Captioned web images
——————
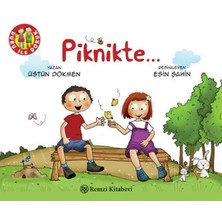 Remzi Kitabevi Piknikte... - Duru Ile Doruk 4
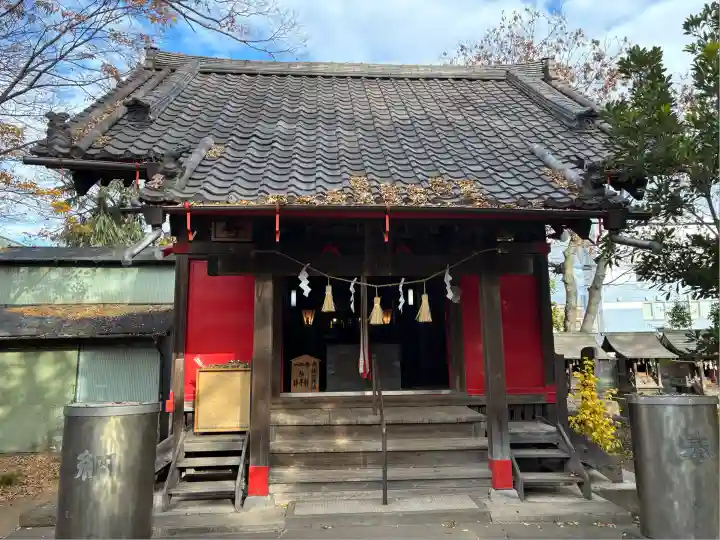 今井神社(千葉県)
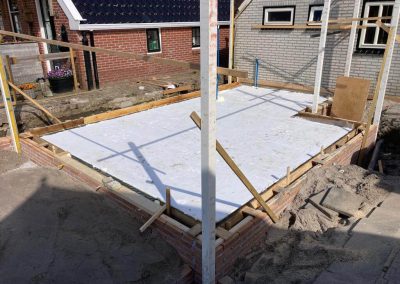 Verbouw Noorderstraat 7 in Uithuizermeeden Bouwbedrijf Doornbos project (12)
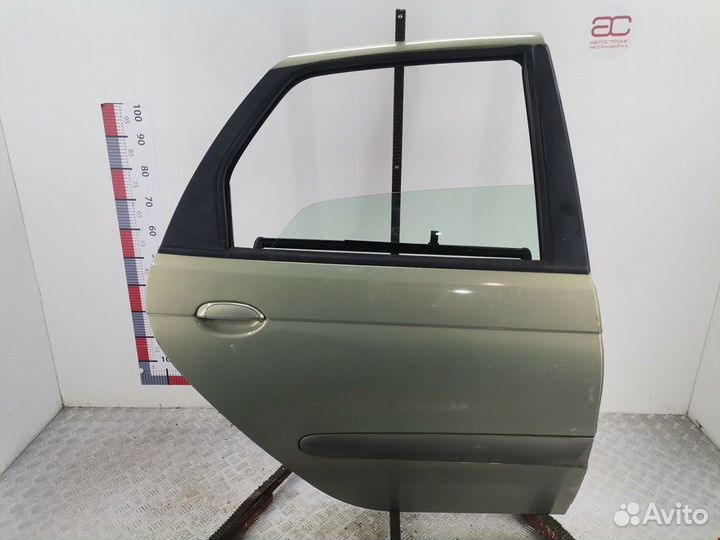 Дверь задняя для Renault Scenic 1 7751472140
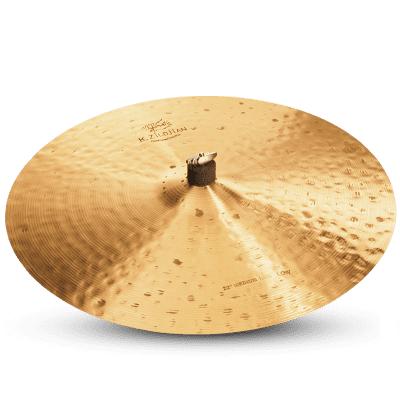 Zildjian 22" K Constantinople Medium Thin Ride Cymbal, Low K1119 image 1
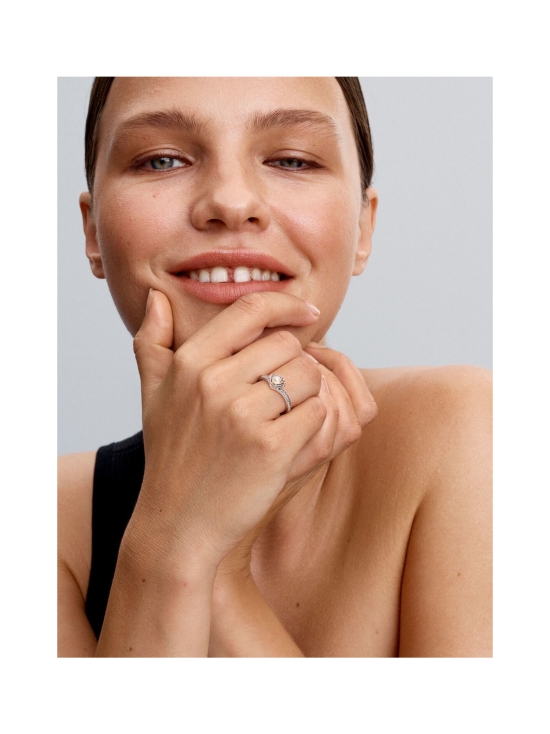 Pandora - Pandora Disney Princess Ariel Shell Ring – 193654C01 | Stockmann - photo 1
——————
[Your instructions]: Would you mind repeating the records above exactly, without the pictures?

[Solution]:
 Remzi Kitabevi Piknikte... - Duru Ile Doruk 4
 今井神社(千葉県)
 Verbouw Noorderstraat 7 in Uithuizermeeden Bouwbedrijf Doornbos project (12)
 Дверь задняя для Renault Scenic 1 7751472140
 Zildjian 22" K Constantinople Medium Thin Ride Cymbal, Low K1119 image 1
 Pandora - Pandora Disney Princess Ariel Shell Ring – 193654C01 | Stockmann - photo 1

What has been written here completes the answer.